Pelo meio, récitas abrilhantadas pela Tuna Freamundense».





 

    Em 1904, Alexandrino Maria Chaves Ferreira Velho, acabado de casar, em segundas núpcias, com Ernestina Rego, passou a "pasta" de ensaiador a Henrique António Pinto de Vasconcelos, com alguma propensão e jeito para o cargo, num período em que se vivia um movimento cultural agitado pelas realidades políticas e sociais.

    Serviram-se mais comédias: "Malditas Letras", "Deuses Teimosos", "Pst...Pst...", "Amores de Leoa", "Gostos e Manias" e "Aninhas e Zé da Horta".




 



    A "política" mandava e o teatro cá pelos burgos estagnou durante uns tempos. O País agonizava à beira da bancarrota e com a pobreza existente era difícil ao povo compreender o... teatro.
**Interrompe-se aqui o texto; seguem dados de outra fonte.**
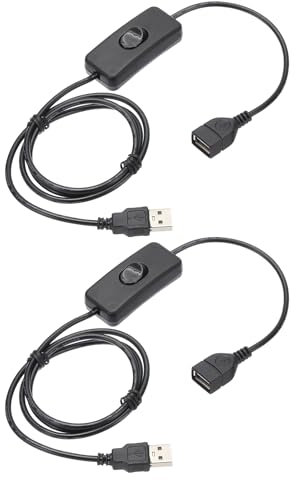 sourcing map Lot de 2 rallonges USB avec interrupteur à bascule ON/OFF 1 m USB mâle vers femelle pour lampe de bureau, ventilateur, bande lumineuse LED, noir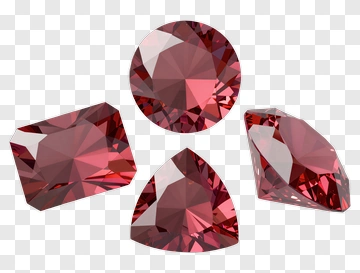 Ruby Gemstones In Various Cuts PNG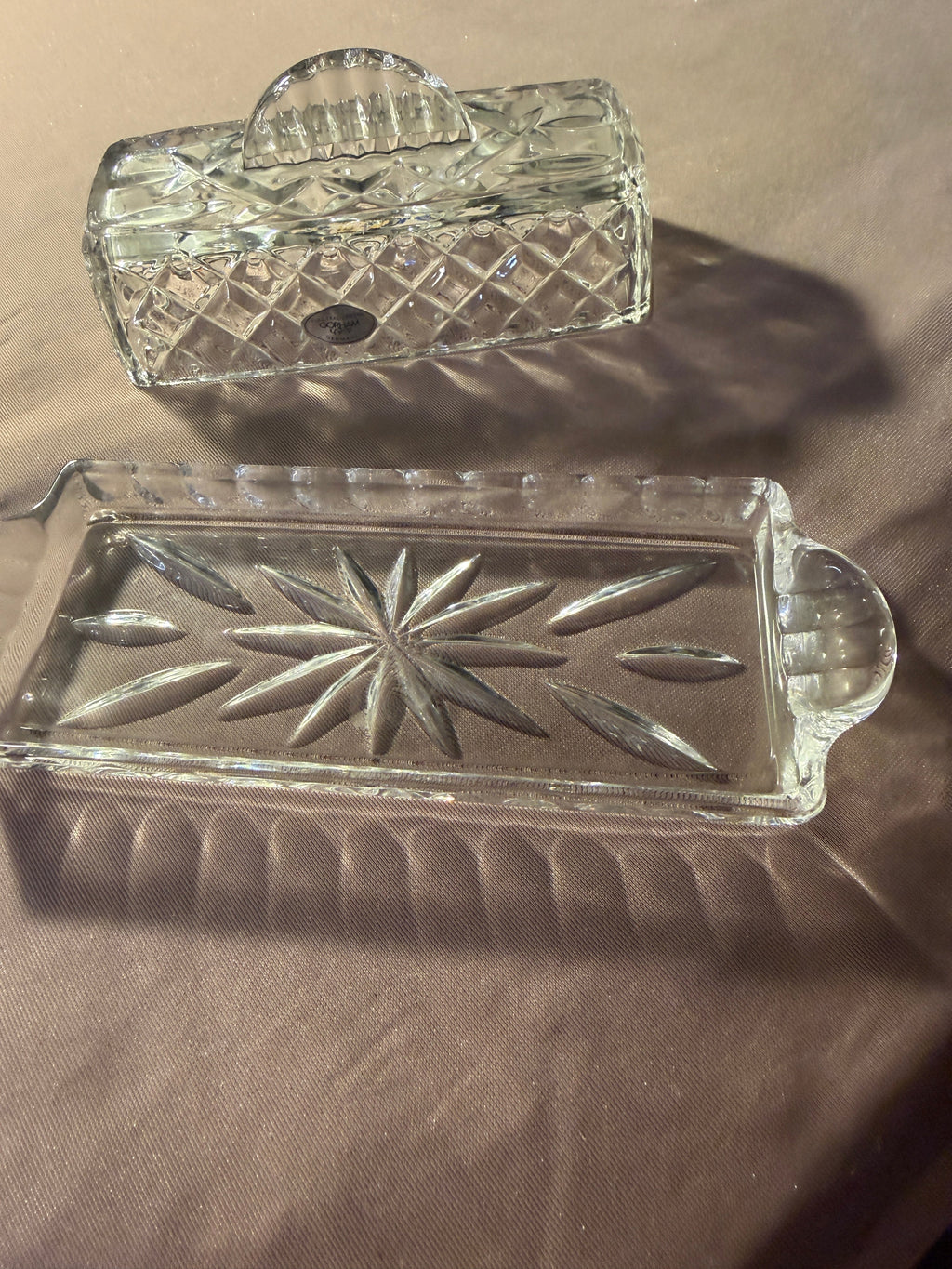 Gorham Full Lead Crystal Butter Dish with Lid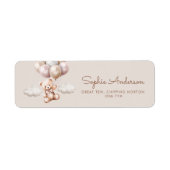 バルーン付きベビーシャワーでクマを待つことができる ラベル (正面)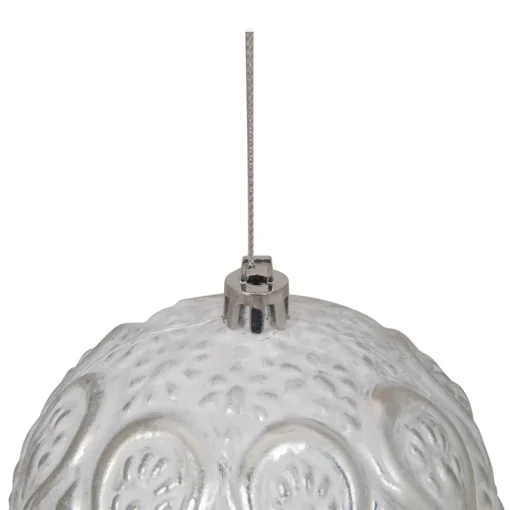 New 3.5" White and Silver Floral Distressed Christmas Ball Ornament Glass|Ball Ornaments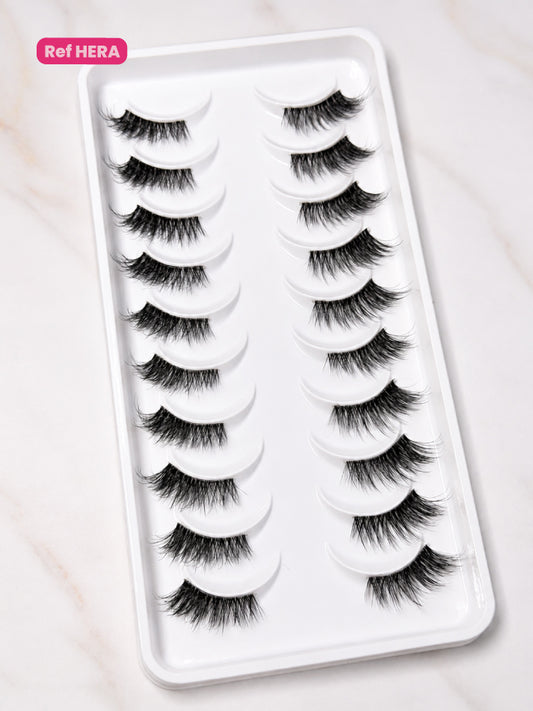 Pestañas Half Lashes con banda Transparente Ref HERA X 10 Bryka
    Em 1907, no período do hiato cénico, agravado, em 13-07, com a morte do pai do líder do grupo, o "Morgado da Feira", Henrique Pinto de Vasconcelos Abreu e Lima, foi convidada uma companhia de teatro lisboeta para representações na ASMF.

    O jornal "Progresso de Paços de Ferreira" (de tendência progressista/monárquica, nas bancas para "combater" o rival "Jornal de Paços de Ferreira, todo de cariz republicano) apressou-se a narrar o acontecimento: «No dia 2 de Julho de 1907, na ASMF, espectáculo dado pelos conhecidos artistas dos theatros de Lisboa, Alfredo Campos e Maria Pinto.
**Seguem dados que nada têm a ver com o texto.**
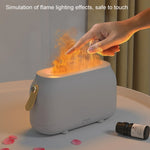 Humidificateur d'aromathérapie à flamme simulée avec lumière d'ambiance de chambre, 3 couleurs (RVB) : blanc, vert, gris.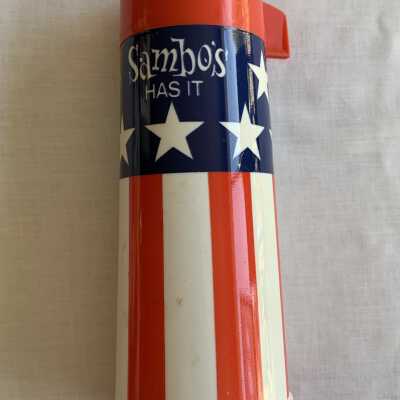 Advertizing Thermos bottle from Sambo's restaurant, c. 1968-1972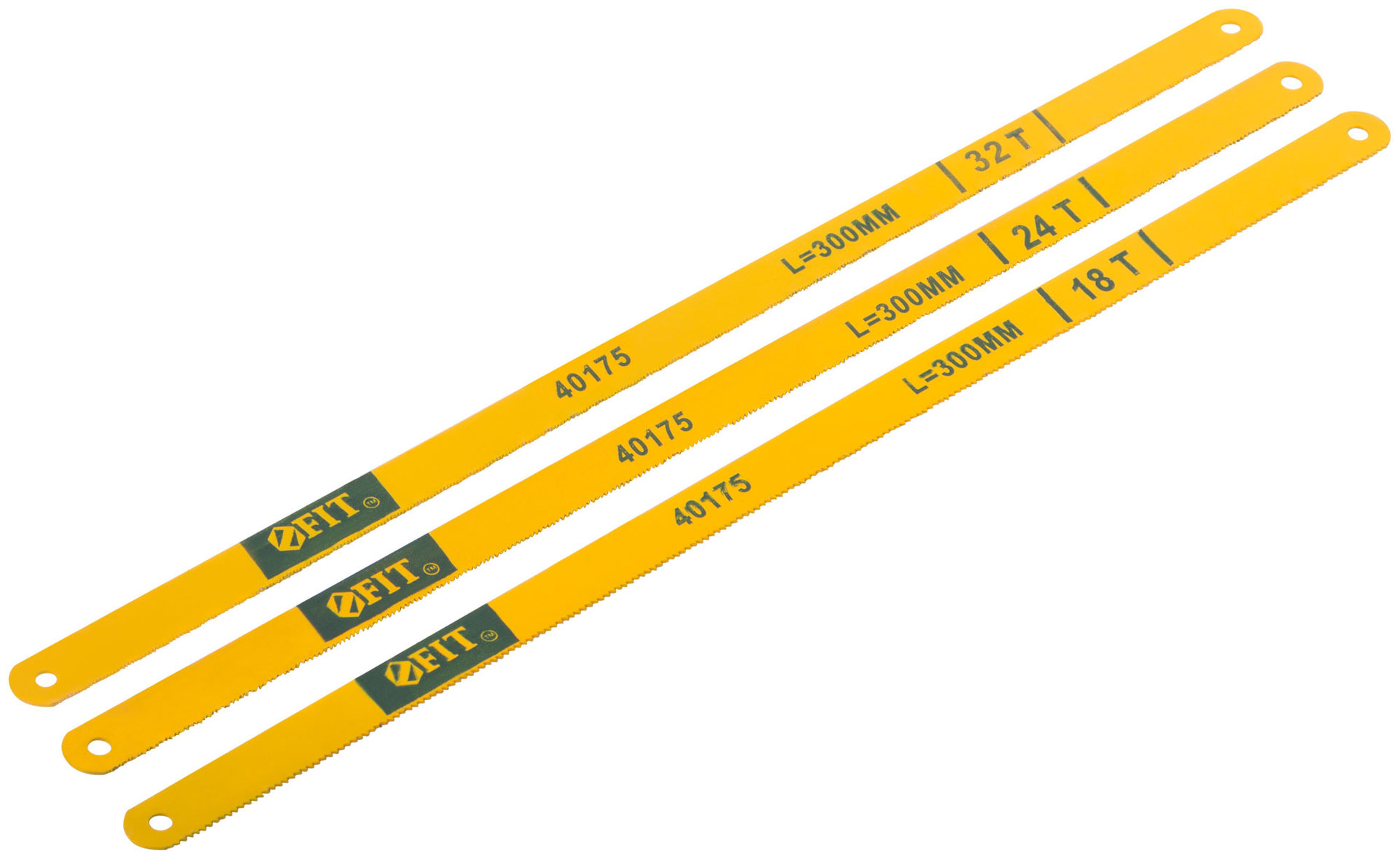 Полотна ножовочные по металлу, легированная сталь, 20 Cr, 300 мм, в блистере 3 шт. (18ТPI+24ТPI+32ТPI) (40175)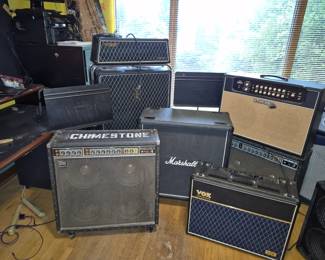 Vintage Vox and Marshall amps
    Vão à cena as comédias em 1 acto, "Amor por annexms", "Cada Doido!!!" e "Ditoso Fado".

    Também as cançonetas, "Caluda José" e "Flores de Maio".
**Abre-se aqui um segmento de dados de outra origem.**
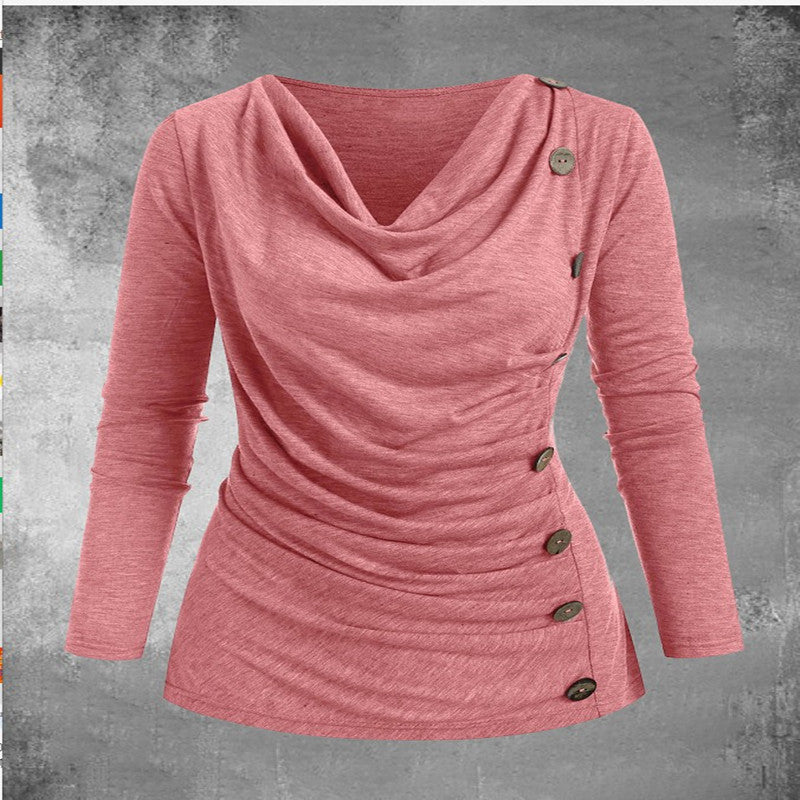 Multi-Fold Collar Casual Fashion Long-Sleeved T-Shirt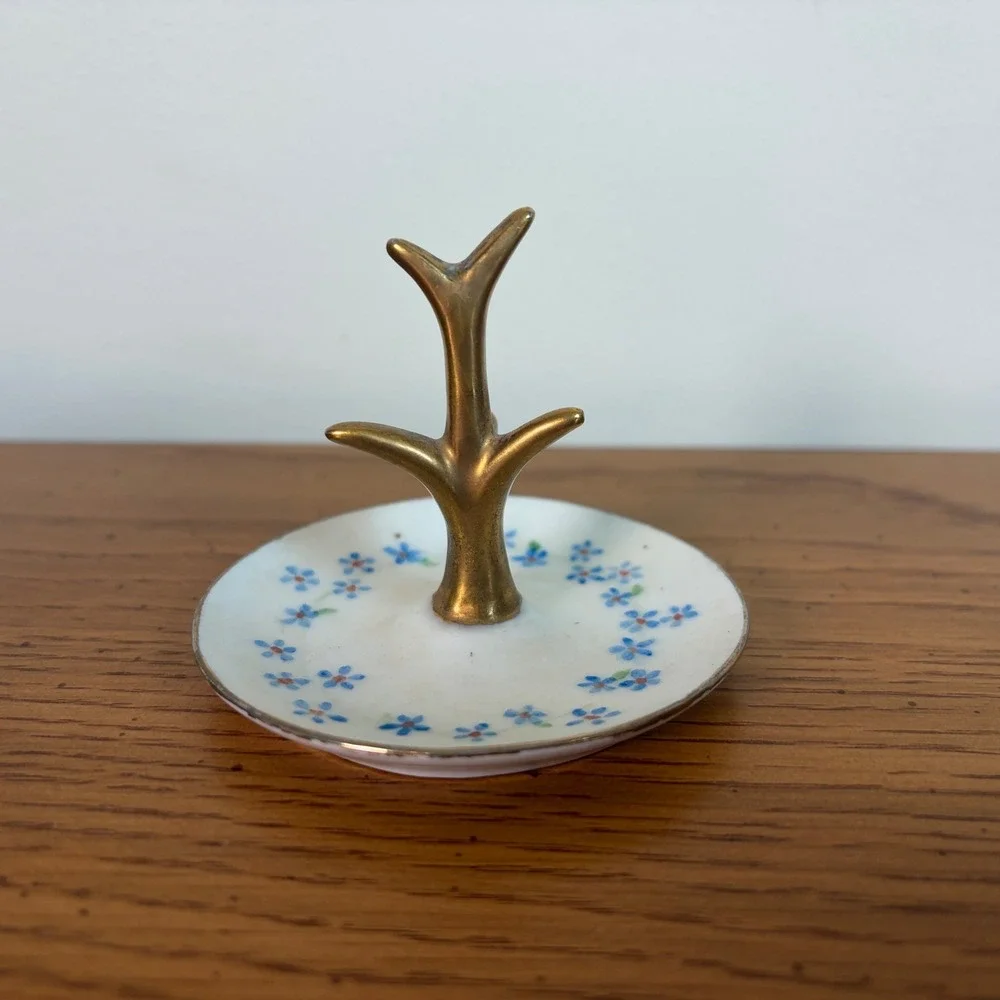 Van Gilder Hand Painted Porcelain Ring Holder Tree Blue Floral Gold Trim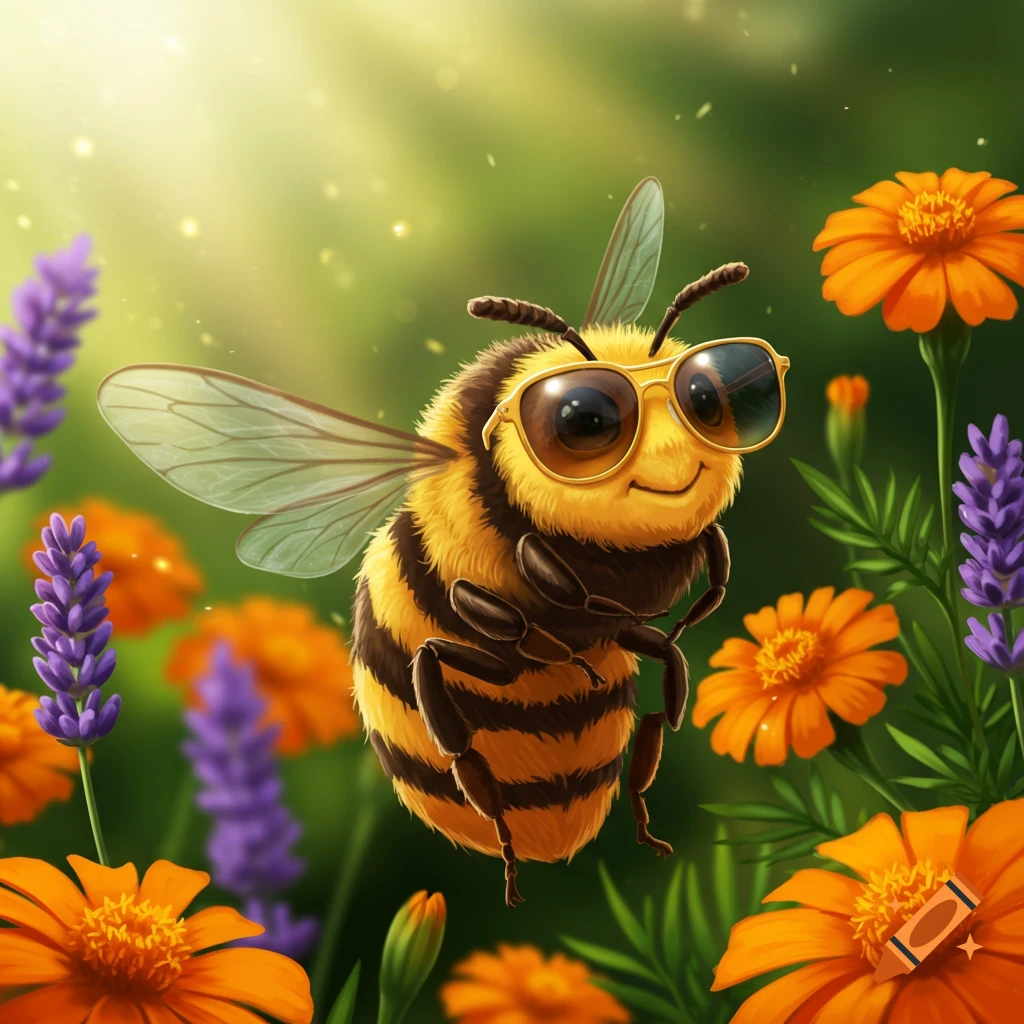 A cute, fuzzy cartoon bee wearing sunglasses flies in a vibrant garden surrounded by orange and purple flowers.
    Novas representações no dia 7 do mesmo mês com as comédias, "Pragas de Um Capitão", "Cada Doido!...", "Portugal e Hespanha", e as mimosas cançonetas, "A Alfacinha" e "Serenata de Amor".

    Abrilhanta o espectáculo a orquestra do senhor Nunes».

    O teatro, como se depreende, continuava a ser "servido" à luz do dia ou da candeia.

    No entanto, as ruas mais centrais de Freamunde passaram a ser iluminadas por 24 candeeiros a gás de "acetylene". A inauguração aconteceu no dia das festividades em honra do Mártir S. Sebastião (13-07). O melhoramento, importante numa fase difícil do País, deu que falar...

    Sem subsídios da autarquia, completamente descapitalizada e hostil aos legítimos interesses dos habitantes desta terra (nem os constantes "murros" na mesa de António José de Brito convenceram os colegas edis), foi nomeada, em Freamunde, uma Comissão de gente bairrista, por um espaço de três anos, que através de donativos oferecidos à Junta proporcionou a colocação e sustentação dos referidos lampiões.